Today is my mom's birthday.
Lauren and I took her out to eat at one of those Brazilian meat houses.
That is what she wanted.
We ate an endless parade of steak, lamb, pork, chicken.
We ate forever.
The room turned warm.
Our eyes glistened with blood and bacon juice.
We paid the bill in meat.
True Grit was playing at the movies.
The rare film that we all liked without compromise.
How often does that happen?
We bid farewell to my Mom and headed back to the city.
Tomorrow morning Lauren leaves for Louisville.
She will be there for five weeks.
Which means I'll have no one to slap me straight when I start letting myself go during the inevitably unemployed winter of discontent in cold, dark Chicago January.
December's been rough lately.
January's looking even meaner.
Fun needed to happen soon.
We went to Cafe Bong.
It's a dive bar known for its karaoke.
I've always wanted to go there.
It looks horrible.
We walked in and were confronted with a thick stench.
It reeked like a vestibule in a rancid Vietnamese sandwich shop.
Lauren balked and made an offended grandmother face.
To me it smelled like adventure.
"C'mon, let's go!"
Once inside, we were greeted by a happy Korean woman, dressed to the sixes.
She gestured at the buffet of tin foiled Korean fare.
It looked authentic and frightening.
The karaoke was in effect.
Behind the bar, a VCR-esque machine sat hooked up to a tube TV.
The production on the videos was very 80's, meaning cheap 90's.
A bearded kid in a tux commandeered the remote control.
You could manipulate the tempo of the song, and make key changes(!).
He led his pack of pals as they passed the mic around the bar, goofing on all the hits.
After each performance, a crazy Japanese cartoon noise would scream your score at you.
Everyone was in jolly spirits.
Lauren and I took the two stools at the end of the bar.

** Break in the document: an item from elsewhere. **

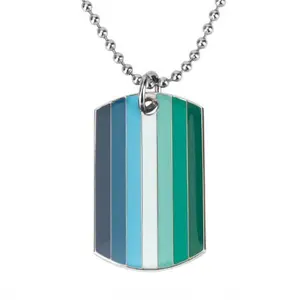 Gay Male Vincian Pride Dog Tag Necklace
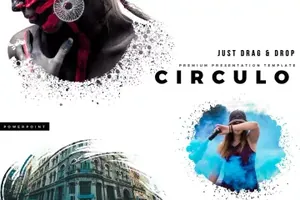 5个高端简约时尚飞溅墨水SPLASH PowerPoint Bundle Package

A Marilyn Monroe poster sat on top of a cigarette machine, leaned against a neglected wall.
The corner acted as storage for cases and cases of beer.
We perused the playlist, a thick tattered binder.
70% Japanese (I think), 30% English.
Some of the selections were crazy.
They had four songs by Helloween.
You know, the German 80's metal band.
We drank Corona.
Well, I did.
Lauren wasn't feeling that well.
"We'll go after one song," I promised.
It took me a long time to decide on a song.
As it always does.
I ordered another beer.
Lauren got a soft drink.
We made conversation with the woman to our left.
She was there alone.
We talked about acting and work.
I think she was happy to see us.
She handed me a microphone for a duet.
But that didn't count as a song.
It was my turn.
I had chosen "Night Fever" by The Bee Gees.
I do love that song, and the whole Saturday Night Fever soundtrack.
My falsetto was in fine form.
It danced well above the staff.
For the third chorus I sung in my given register.
Then back to the sweet tones of my Corona-courageous obbligato.
I finished the song in tandem with its fade out.
Save for a few smatters, the room laid still as the cartoon made its judgment.
The room of fifteen exploded.
The bearded kid with the tux high-fived and high-tenned me.
It was the first 100 of the night.
He bought me a drink.
Lauren was happy for me, but happier now that the song was over and it was technically time to go.
While I downed my congratulatory beer, the Korean proprietor sang a traditional song.
I think she did "ギテペミロ".
Either that or "ぎのま".
It got the room's attention.
Everyone applauded respectfully.
Then the bearded kid in the tux appointed me to sing Abba's "Waterloo".
I forgot how the verse went.
"Mmmnnnyyaaa..I bryn ni yaya nya nya..."
I did that thing where you laugh at yourself but no one else is laughing at or with you.
The bearded kid in the tux rescued me with an off-mic guide vocal and goosed it up a few keys to salvage the blunder.
We did not score 100 that time.
I still had more beer to finish.
Midnight was nearing.
I asked her if she wanted to ring in the new year at Cafe Bong.
She made a face that said "I love you. But fuck you."
I finished my beer while the men gang-sang a Backstreet Boys song.
The "tell me why" one.
Its karaoke video featured lots of topless European women dancing on a sound stage.
It was the most awesome karaoke video.
And it couldn't get any better.
So we headed for the door.
The bearded kid in the tux persuaded us to stay.
The Korean proprietor offered us buffet food.
But even now, I knew it was time to go.
And we bid adieu to Cafe Bong.
The remainder of 2010 was spent in the comfort of our little apartment.
We set our alarms for the early flight tomorrow.
And had our last sleepover of the year.